• **Task description**
Without reproducing any image, print the listing below exactly.

• **Data provided**

☆ ☆ ☆ ☆

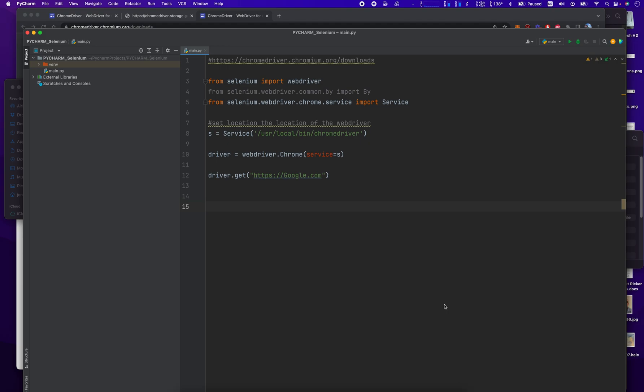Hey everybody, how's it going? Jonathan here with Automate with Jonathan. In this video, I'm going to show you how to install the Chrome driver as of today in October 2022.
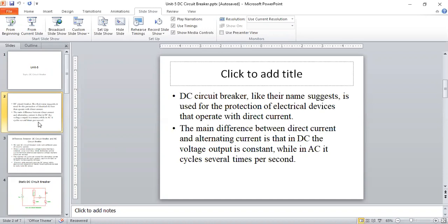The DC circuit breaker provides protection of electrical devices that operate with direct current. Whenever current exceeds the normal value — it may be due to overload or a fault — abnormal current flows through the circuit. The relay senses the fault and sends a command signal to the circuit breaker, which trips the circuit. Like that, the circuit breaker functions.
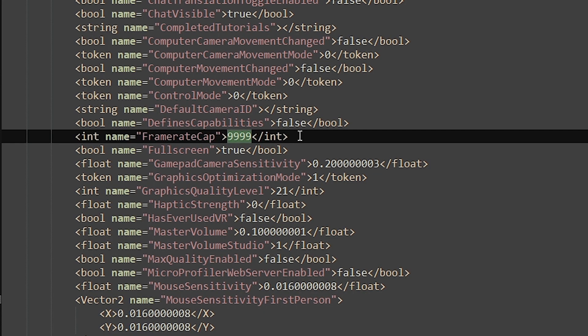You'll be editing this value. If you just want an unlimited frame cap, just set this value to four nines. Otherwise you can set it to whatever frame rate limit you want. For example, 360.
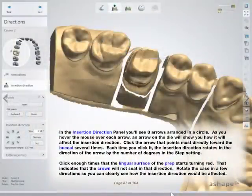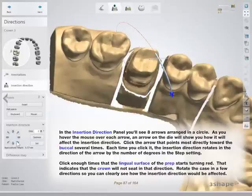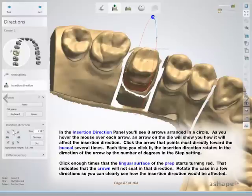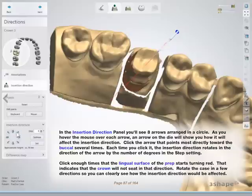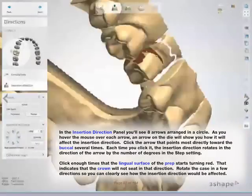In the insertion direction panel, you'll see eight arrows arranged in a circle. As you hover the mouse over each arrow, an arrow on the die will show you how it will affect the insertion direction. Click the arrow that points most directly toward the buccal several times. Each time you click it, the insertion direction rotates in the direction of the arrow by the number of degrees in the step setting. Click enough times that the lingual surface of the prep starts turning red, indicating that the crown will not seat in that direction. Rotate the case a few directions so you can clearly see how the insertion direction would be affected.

☆ ☆ ☆ ☆

• **Written answer**
Hey everybody, how's it going? Jonathan here with Automate with Jonathan. In this video, I'm going to show you how to install the Chrome driver as of today in October 2022.
The DC circuit breaker provides protection of electrical devices that operate with direct current. Whenever current exceeds the normal value — it may be due to overload or a fault — abnormal current flows through the circuit. The relay senses the fault and sends a command signal to the circuit breaker, which trips the circuit. Like that, the circuit breaker functions.
You'll be editing this value. If you just want an unlimited frame cap, just set this value to four nines. Otherwise you can set it to whatever frame rate limit you want. For example, 360.
In the insertion direction panel, you'll see eight arrows arranged in a circle. As you hover the mouse over each arrow, an arrow on the die will show you how it will affect the insertion direction. Click the arrow that points most directly toward the buccal several times. Each time you click it, the insertion direction rotates in the direction of the arrow by the number of degrees in the step setting. Click enough times that the lingual surface of the prep starts turning red, indicating that the crown will not seat in that direction. Rotate the case a few directions so you can clearly see how the insertion direction would be affected.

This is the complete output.